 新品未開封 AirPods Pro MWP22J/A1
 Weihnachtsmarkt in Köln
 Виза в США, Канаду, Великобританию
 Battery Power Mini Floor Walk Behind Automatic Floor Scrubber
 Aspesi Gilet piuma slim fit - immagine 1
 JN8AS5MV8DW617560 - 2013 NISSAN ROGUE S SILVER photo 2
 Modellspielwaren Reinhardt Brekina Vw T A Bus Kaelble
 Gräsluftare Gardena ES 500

---

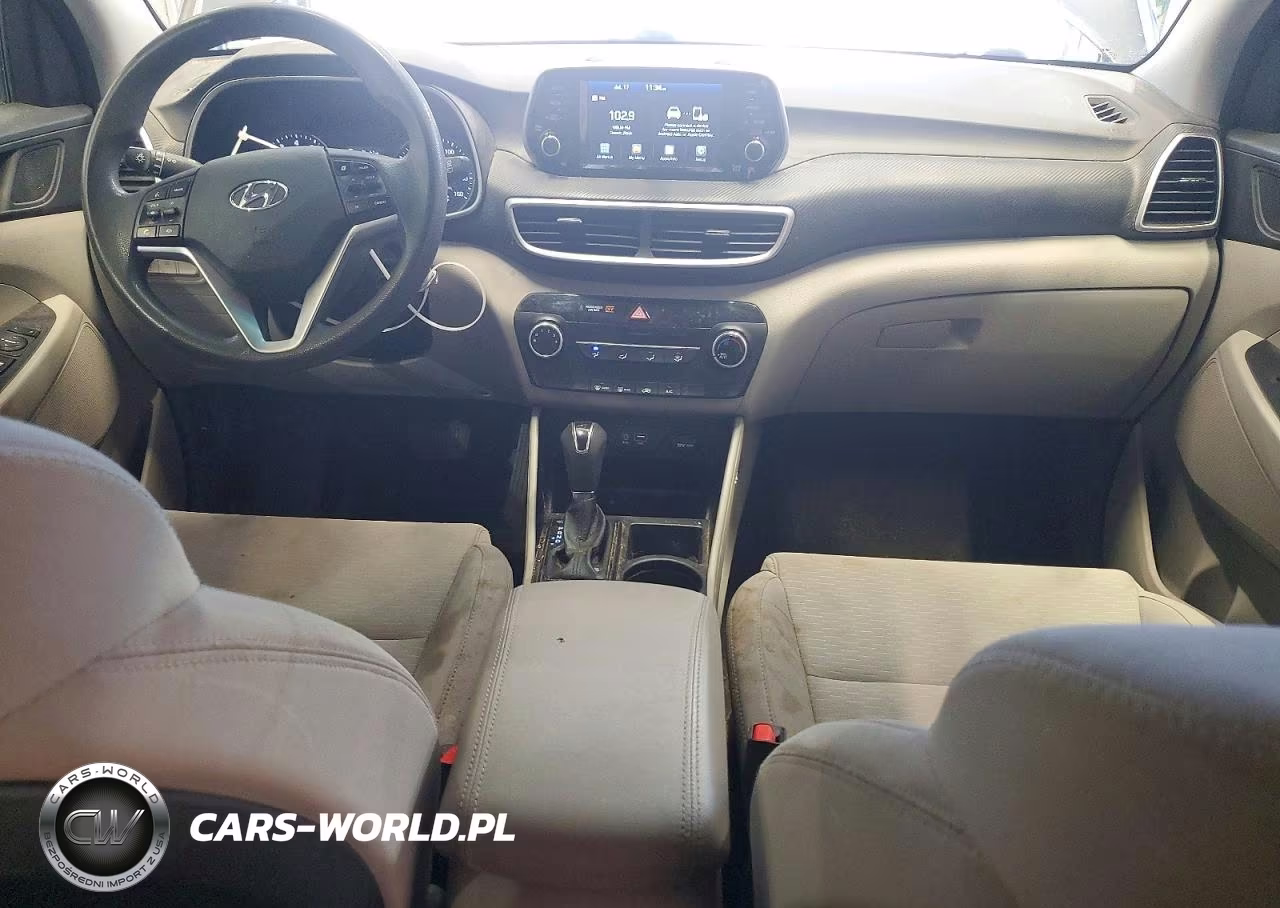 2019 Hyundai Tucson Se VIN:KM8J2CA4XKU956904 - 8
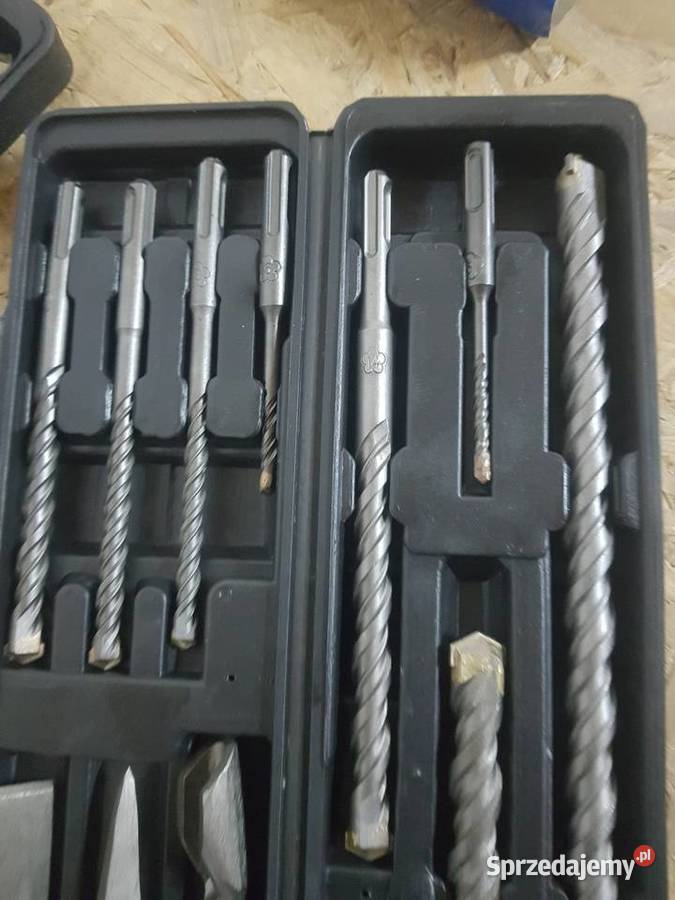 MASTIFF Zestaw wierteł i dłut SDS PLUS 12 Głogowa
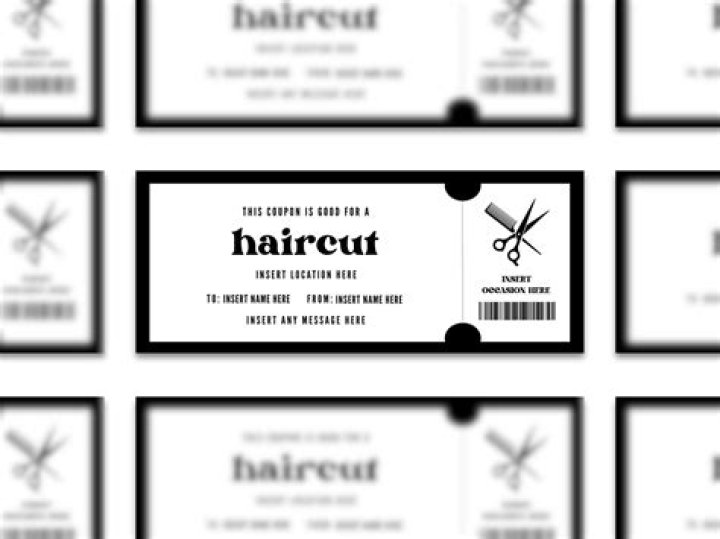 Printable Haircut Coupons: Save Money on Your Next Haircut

Assignment: Take the line above containing "新品未開封 AirPods Pro MWP22J/A1", the line containing "Gräsluftare Gardena ES 500", and all lines in between, and copy them exactly without anything else.

Answer for the task:
 新品未開封 AirPods Pro MWP22J/A1
 Weihnachtsmarkt in Köln
 Виза в США, Канаду, Великобританию
 Battery Power Mini Floor Walk Behind Automatic Floor Scrubber
 Aspesi Gilet piuma slim fit - immagine 1
 JN8AS5MV8DW617560 - 2013 NISSAN ROGUE S SILVER photo 2
 Modellspielwaren Reinhardt Brekina Vw T A Bus Kaelble
 Gräsluftare Gardena ES 500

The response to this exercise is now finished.